In a written response to Republican People’s Party (CHP) Tunceli deputy Hüseyin Aygün on Monday, Turkish Parliament Speaker Cemil Çiçek said Aygün’s request that a space be provided in the parliamentary building for a cemevi had been denied. Basing his rejection on the Directorate of Religious Affairs’ definition of Alevism, he also added that Alevism is a cultural treasure that emerged during the course of Islamic history but that Islam’s places of worship are mosques.
Hıdır Bayır, the head of the Cem Foundation, voiced his dissatisfaction with the recent controversy in a phone interview with Sunday’s Zaman. What he mainly focused on while talking on the status of cemevis in Turkey was not the rejection of Aygün’s proposal, but rather the serious lack of cemevis and their ambivalent legal status in Turkey.
Bayır complained that even in the Turkish capital of Ankara, there are not enough cemevis to hold funeral ceremonies, so sparing a place for a cemevi in the parliamentary building is not the real matter at hand. He also noted that there are some 2,000 cemevis across Turkey, which he says fall short of the Alevi community’s needs.
“Cemevis are places of worship for Alevi people just as synagogues are the places where Jewish people pray. We read interpretations of the Quran’s verses by Turkish folk poets such as Aşık Veysel during the prayers we conduct in cemevis, accompanied by the music of the reed. We want to live in an atmosphere where there is freedom of belief and equality in the eyes of the state, as is stipulated in the constitution,” continued Bayır.
Alevi Foundations Federation (AVF) Chairman Doğan Bermek also underlined that the existence of a cemevi in the parliamentary building does not matter if the Alevi community’s problems related to misunderstandings about the true nature of Alevism and an inadequate number of cemevis are not solved.
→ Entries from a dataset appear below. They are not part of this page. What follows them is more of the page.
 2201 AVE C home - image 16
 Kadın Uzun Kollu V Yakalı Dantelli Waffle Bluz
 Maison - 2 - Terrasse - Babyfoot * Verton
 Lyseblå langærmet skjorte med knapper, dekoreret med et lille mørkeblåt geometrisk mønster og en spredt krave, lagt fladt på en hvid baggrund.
In response to what Çiçek said, Bermek pointed out that mosques are not the only spaces where Muslim people can pray since there are no stipulations for Muslims to pray in a particular place according to the Islamic faith.
“Mosques and cemevis should not be pitted against each other, which upsets us the most since we have no trouble with the presence of mosques. Alevis and Sunnis believe in the same religious book and the prophet and, thus, there is no sense in trying to define cemevis and mosques as totally different places from each other,” said Bermek. He also said Islam must be understood correctly before one can talk about Alevism and its emergence with true insight.
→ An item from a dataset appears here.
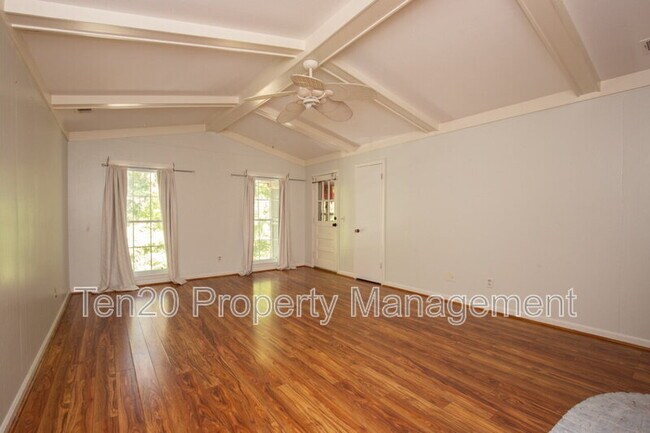 Building Photo - 6124 Canterbury Dr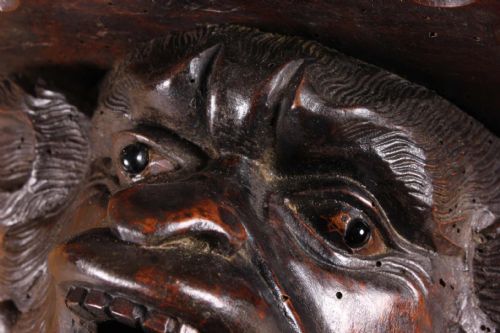ANTIQUE GROTESQUE FACE WALL SHELF 19TH CENTURY WOOD DEMON PIPE RACK - ADDITIONAL PHOTO 5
From amongst the Alevi community there were also harsher reactions to Çiçek’s move. Pir Sultan Abdal Cultural Association Organization Chairman Kemal Bülbül told Sunday’s Zaman that Çiçek’s refusal to have a cemevi in Parliament is yet another example of forcing Alevis to pray in mosques. “As it was during the Seljuk and Ottoman periods, the Alevi people are being forced to conduct their prayers in mosques, which means there is a denial of Alevism being a separate faith”, Bülbül said.
The non-recognition of cemevis as places of worship also derives support from an opinion held by the Directorate of Religious Affairs that is not legally binding according to Turkish law. A memo sent by the Directorate of Religious Affairs to the Interior Ministry on Dec. 17, 2004 stated that “it is not possible to consider cemevis and other [such] premises places of worship because Alevism, which is a sub-group of Islam, cannot have a place of worship other than mosques or mescit, which are the common places of worship within Islam.”